Veloski J, Boex JR, Grasberger MJ, Evans A, Wolfson DB. Systematic review of the literature on assessment, feedback and physicians’ clinical performance: BEME Guide No. 7. Med Teach March 2006; 28(2):117-128.

Background and context: There is a basis for the assumption that feedback can be used to enhance physicians’ performance. Nevertheless, the findings of empirical studies of the impact of feedback on clinical performance have been equivocal.

Objectives: To summarize evidence related to the impact of assessment and feedback on physicians’ clinical performance.

Search strategy: The authors searched the literature from 1966 to 2003 using MEDLINE, HealthSTAR, the Science Citation Index and eight other electronic databases. A total of 3702 citations were identified.

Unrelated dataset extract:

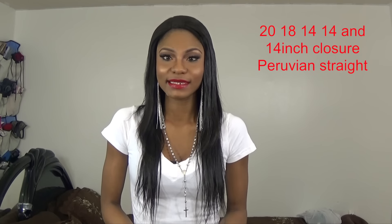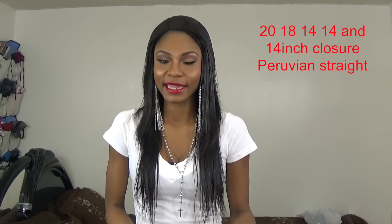I was contacted by a vendor on Aliexpress and I was sent four bundles of Peruvian straight. I was sent 20, 18, 21 and a 14 inch closure.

Inclusion and exclusion criteria: Empirical studies were selected involving the baseline measurement of physicians’ performance and follow-up measurement after they received summaries of their performance.

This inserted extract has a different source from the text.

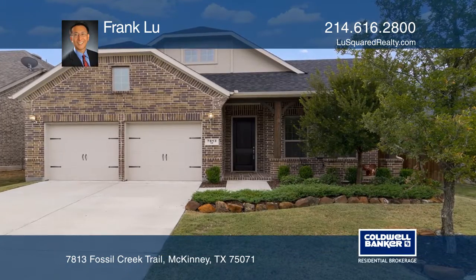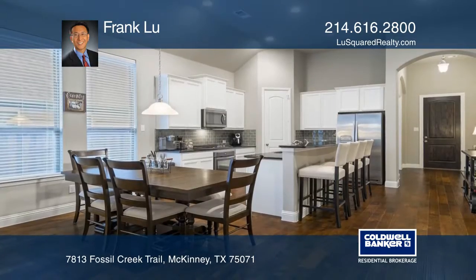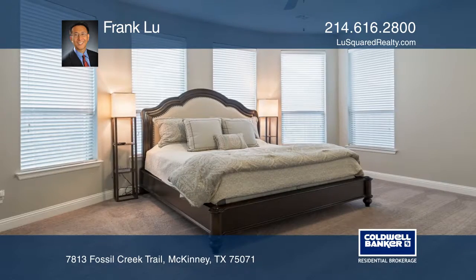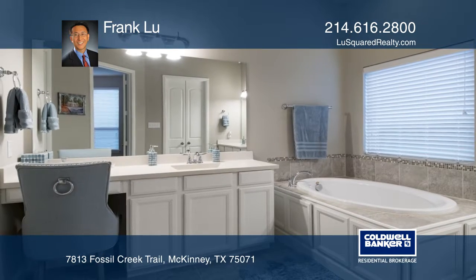This like-new, barely-lived-in and well-built plantation brick home is in the desirable Trinity Falls. The home features a welcoming covered front porch with brick pavers, a functional design with high ceilings, a separate study, a media room, and a master and two bedrooms downstairs with a large game room and a bedroom suite upstairs.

Data extraction: Data were extracted on research design, sample, dependent and independent variables using a written protocol.

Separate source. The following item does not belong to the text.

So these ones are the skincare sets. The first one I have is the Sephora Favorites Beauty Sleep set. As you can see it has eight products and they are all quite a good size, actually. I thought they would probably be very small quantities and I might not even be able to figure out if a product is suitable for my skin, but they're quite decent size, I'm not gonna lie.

Data synthesis: A group of 220 studies involving primary data collection was identified. However, only 41 met all selection criteria and evaluated the independent effect of feedback on physician performance. Of these, 32 (74%) demonstrated a positive impact. Feedback was more likely to be effective when provided by an authoritative source over an extended period of time. Another subset of 132 studies examined the effect of feedback combined with other interventions such as educational programmes, practice guidelines and reminders. Of these, 106 studies (77%) demonstrated a positive impact. Two additional subsets of 29 feedback studies involving resident physicians in training and 18 studies examining proxy measures of physician performance across clinical sites or groups of patients were reviewed. The majority of these two subsets also reported that feedback had positive effects on performance.

Headline results: Feedback can change physicians’ clinical performance when provided systematically over multiple years by an authoritative, credible source.

Conclusions: The effects of formal assessment and feedback on physician performance are influenced by the source and duration of feedback. Other factors, such as physicians’ active involvement in the process, the amount of information reported, the timing and amount of feedback, and other concurrent interventions, such as education, guidelines, reminder systems and incentives, also appear to be important. However, the independent contributions of these interventions have not been well documented in controlled studies. It is recommended that the designers of future theoretical as well as practical studies of feedback separate the effects of feedback from other concurrent interventions.